Comments (4)
Tutorial code is a combination of TF-agent 1_dqn_tutorial
and BTgym unreal_stacked_lstm_strat_4_11
from __future__ import absolute_import
from __future__ import division
from __future__ import print_function
import warnings
warnings.filterwarnings("ignore") # suppress h5py deprecation warning
import os
import backtrader as bt
import numpy as np
from btgym import BTgymEnv, BTgymDataset
from btgym.strategy.observers import Reward, Position, NormPnL
from btgym.research.strategy_gen_4 import DevStrat_4_11
# Set backtesting engine parameters:
MyCerebro = bt.Cerebro()
# Define strategy and broker account parameters:
MyCerebro.addstrategy(
DevStrat_4_11,
start_cash=2000, # initial broker cash
commission=0.0001, # commisssion to imitate spread
leverage=10.0,
order_size=2000, # fixed stake, mind leverage
drawdown_call=10, # max % to loose, in percent of initial cash
target_call=10, # max % to win, same
skip_frame=10,
gamma=0.99,
reward_scale=7, # gardient`s nitrox, touch with care!

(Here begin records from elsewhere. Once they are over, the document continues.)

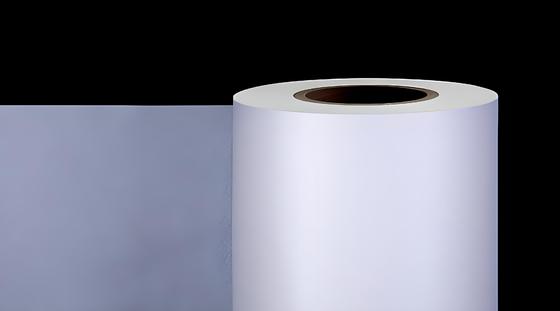 Moisture Proof BOPP Thermal Lamination Film for Paper Core 1 and Laminating With Paper
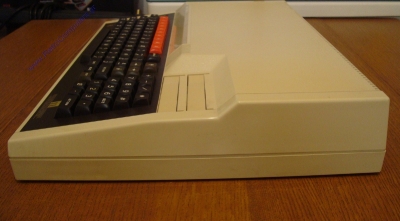 Acorn BBC Master 128_4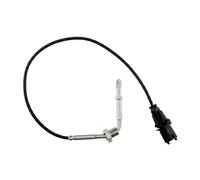 Sensor de temperatura de gases de escape oval EGT-CH-007 NTY para JEEP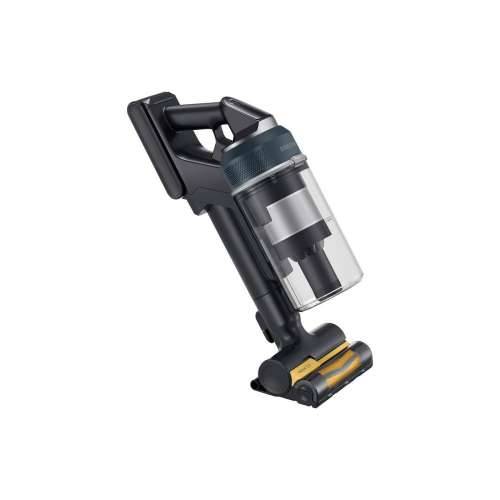 Usisavač bez kabla Samsung VS20C852FTB/WA Plava Crna 210 W 580 W Cijena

state_ext_scale = np.linspace(3e3, 1e3, num=5)
)
# Visualisations for reward, position and PnL dynamics:
MyCerebro.addobserver(Reward)
MyCerebro.addobserver(Position)
MyCerebro.addobserver(NormPnL)
# Data: uncomment to get up to six month of 1 minute bars:
data_m1_6_month = [
'./data/DAT_ASCII_EURUSD_M1_201701.csv',
'./data/DAT_ASCII_EURUSD_M1_201702.csv',
'./data/DAT_ASCII_EURUSD_M1_201703.csv',
'./data/DAT_ASCII_EURUSD_M1_201704.csv',
'./data/DAT_ASCII_EURUSD_M1_201705.csv',
'./data/DAT_ASCII_EURUSD_M1_201706.csv',
]
# Uncomment single choice:
MyDataset = BTgymDataset(
#filename=data_m1_6_month,
filename='./data/test_sine_1min_period256_delta0002.csv', # simple sine
start_weekdays={0, 1, 2, 3, 4, 5, 6},
episode_duration={'days': 1, 'hours': 23, 'minutes': 40}, # note: 2day-long episode
start_00=False,
time_gap={'hours': 10},
)
btgym_env = BTgymEnv(
dataset=MyDataset,
engine=MyCerebro,
render_modes=['episode', 'human', 'internal', ], # 'external'],
render_state_as_image=True,
render_ylabel='OHL_diff. / Internals',
render_size_episode=(12, 8),
render_size_human=(9, 4),
render_size_state=(11, 3),
render_dpi=75,
port=5000,
data_port=4999,
connect_timeout=90,
verbose=0,
)
import base64
import imageio
import IPython
import matplotlib
import matplotlib.pyplot as plt
import PIL.Image
import pyvirtualdisplay
import tensorflow as tf
from tf_agents.agents.dqn import dqn_agent
from tf_agents.drivers import dynamic_step_driver
from tf_agents.environments import suite_gym
from tf_agents.environments import tf_py_environment
from tf_agents.eval import metric_utils
from tf_agents.metrics import tf_metrics
from tf_agents.networks import q_network
from tf_agents.policies import random_tf_policy
from tf_agents.replay_buffers import tf_uniform_replay_buffer
from tf_agents.trajectories import trajectory
from tf_agents.utils import common
from tf_agents.environments import suite_gym
num_iterations = 20000 # @param {type:"integer"}
initial_collect_steps = 1000 # @param {type:"integer"}
collect_steps_per_iteration = 1 # @param {type:"integer"}
replay_buffer_max_length = 10000 # @param {type:"integer"}
batch_size = 64 # @param {type:"integer"}
learning_rate = 1e-3 # @param {type:"number"}
log_interval = 200 # @param {type:"integer"}
num_eval_episodes = 1 # @param {type:"integer"}
eval_interval = 1000 # @param {type:"integer"}
train_py_env = suite_gym.wrap_env(
gym_env=btgym_env,
#discount=1.0,
#max_episode_steps=0,
#gym_env_wrappers=(),
#time_limit_wrapper=wrappers.TimeLimit,
#env_wrappers=(),
#spec_dtype_map=None,
#auto_reset=True
)
eval_py_env = suite_gym.wrap_env(
gym_env=btgym_env,
#discount=1.0,
#max_episode_steps=0,
#gym_env_wrappers=(),
#time_limit_wrapper=wrappers.TimeLimit,
#env_wrappers=(),
#spec_dtype_map=None,
#auto_reset=True
)
train_env = tf_py_environment.TFPyEnvironment(train_py_env)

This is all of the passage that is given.